3. Create a SM69 command — Z_PYTHON to execute python with OS command — ‘python’ (I used the same OS Command I created to check version). Make sure you have ticked the checkbox — ‘Additional Command’.

4. Create Logical and Physical Path (T-code-FILE)

Step-(a)

Step-(b)

Step-(c)

5. Create an Include — ZCONVERT_PY in SE38 and write below Python code in the include and Activate it.
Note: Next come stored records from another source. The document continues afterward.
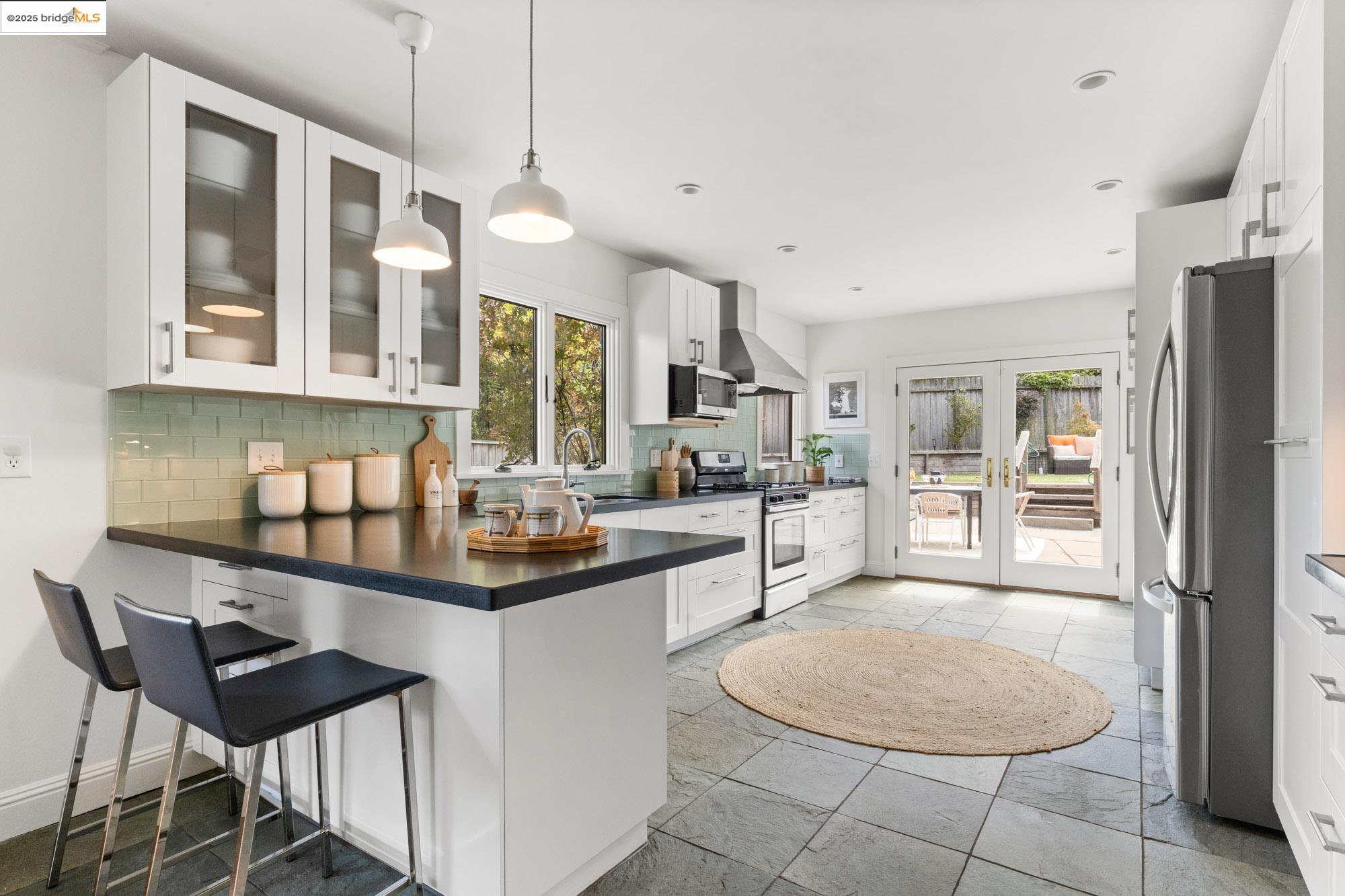 Detail Gallery Image 14 of 56 For 5671 Estates Dr, Oakland,  CA 94618 - 3 Beds | 2 Baths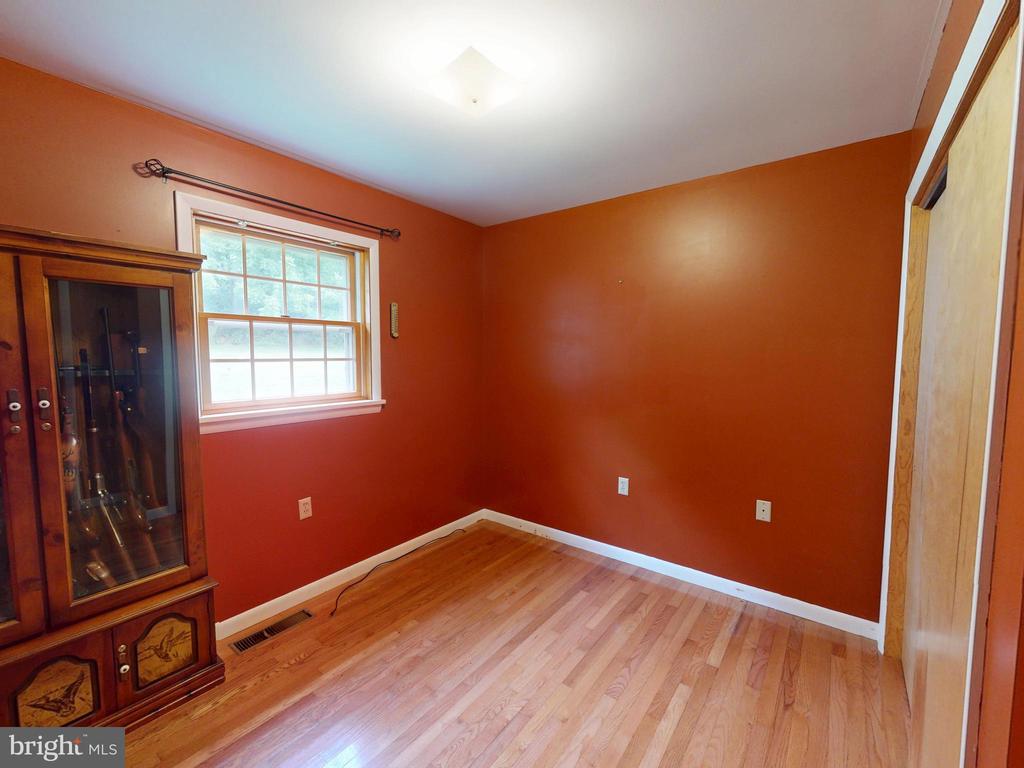129 WALKER DRIVE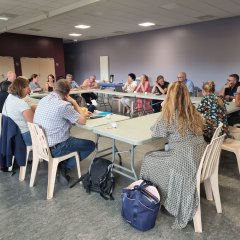 Arbeitsgruppen mit den Delegierten aus Stadtverwaltungen und Partnerschaftsvereinen (von vorne links im Uhrzeigersinn: Deutschland, Belgien, Spanien, Polen und Frankreich).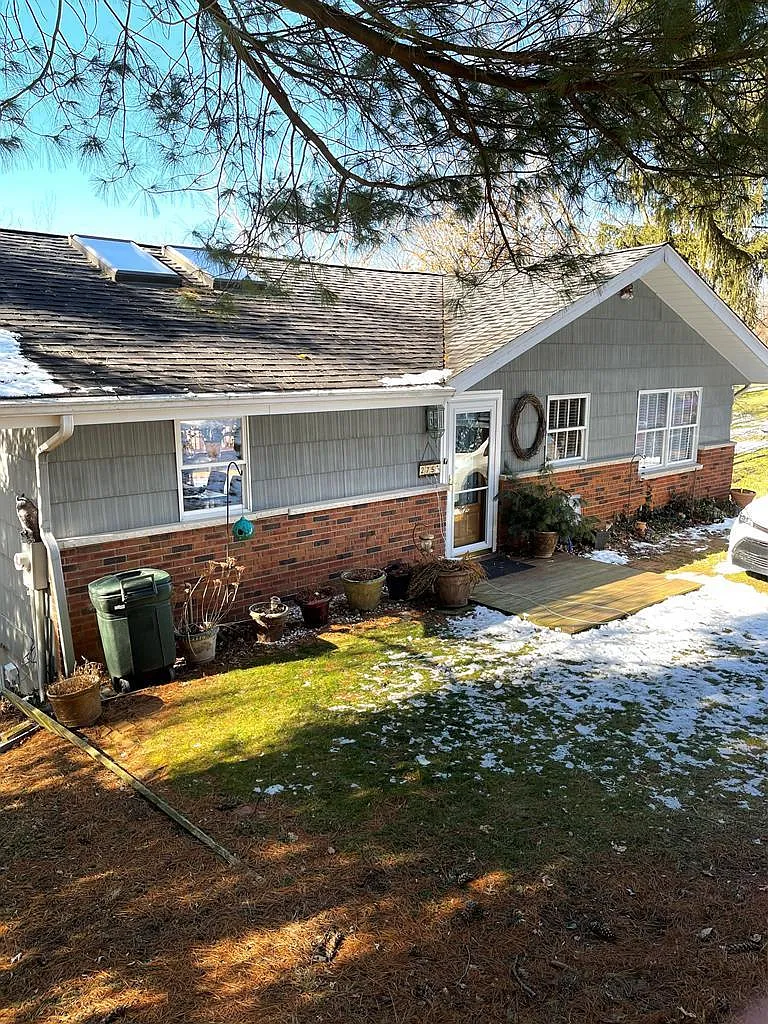275 View Point Ln photo 1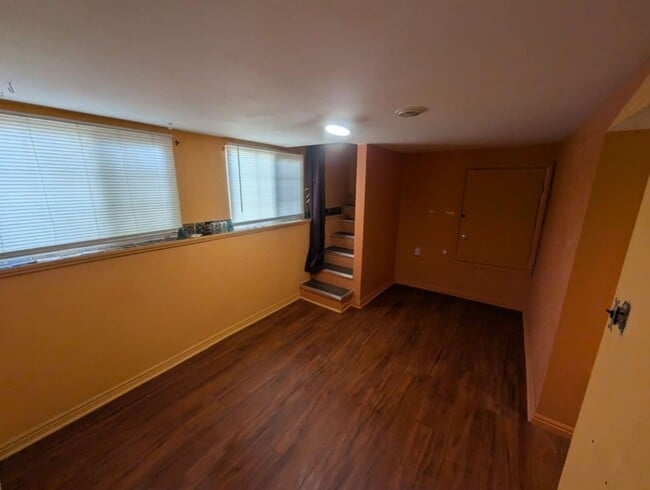 Building Photo - CS-129 W Main Street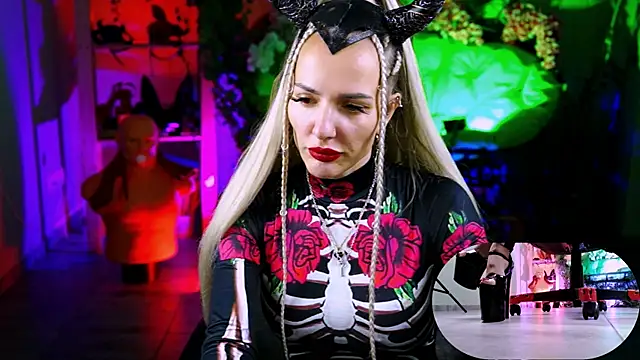 MonicaMaxwel online show from October 31, 11:51 am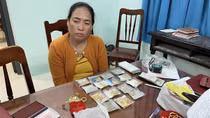 Nữ quái 21 lần lừa đảo bằng chiêu cầm cố vàng giả
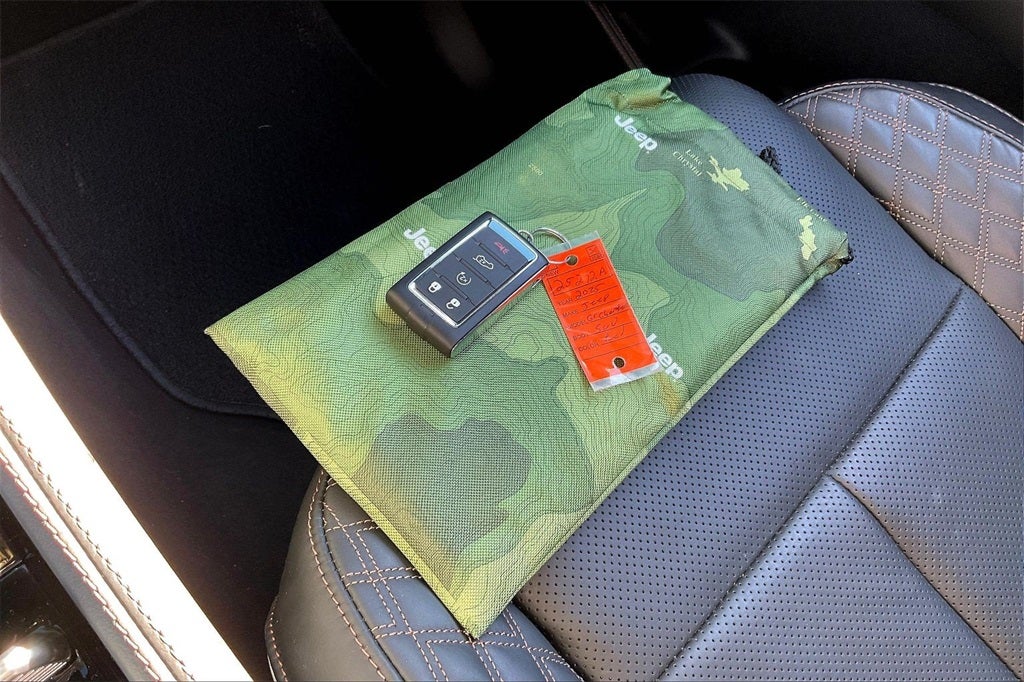 2025 Jeep Grand Cherokee L Summit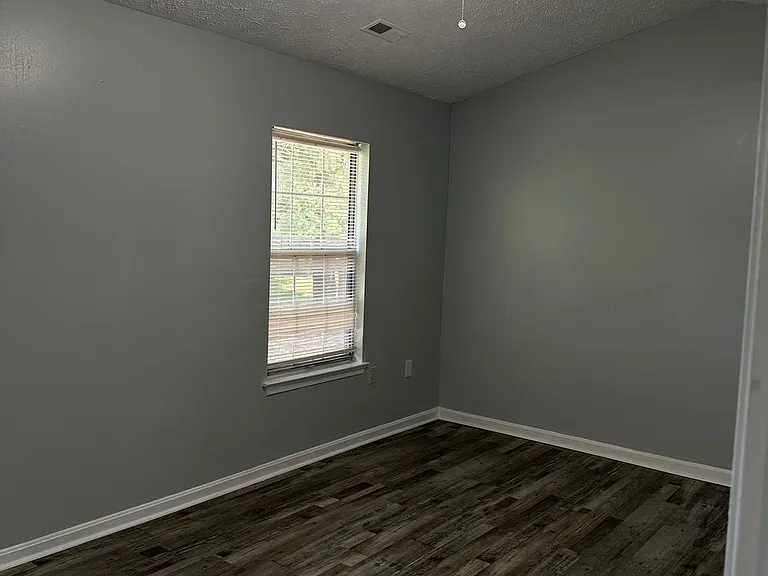 8516 Grandhaven Ave — Photo 14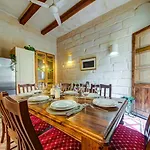 Timeless 3br Townhouse With Hot Tub Sliema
Python Code Logic: Use Library PDF2DOCX and OS (make sure both are installed in SAP server). Put <PLACEHOLDER> where user-selected PDF filepath can be inserted on runtime.

from pdf2docx import Converter
import os

# get the input path from SAP Program Selection-Screen user-Input
input_path = '<PLACEHOLDER>'

# save the docx file in the same folder as pdf file
base = os.input_file.splitext(path)[0]
output_path = base + '.docx'

# convert pdf to docx
cv = Converter(input_path)
cv.convert(output_path) # all pages by default
cv.close()

Note: DO NOT ‘pretty printer’ the code and make sure it is with exact same indentation and same alphabet-case as it would be in your Python text editor.

If you want to manipulate something in the PDF, here is a reference documentation for PDF2DOCX library.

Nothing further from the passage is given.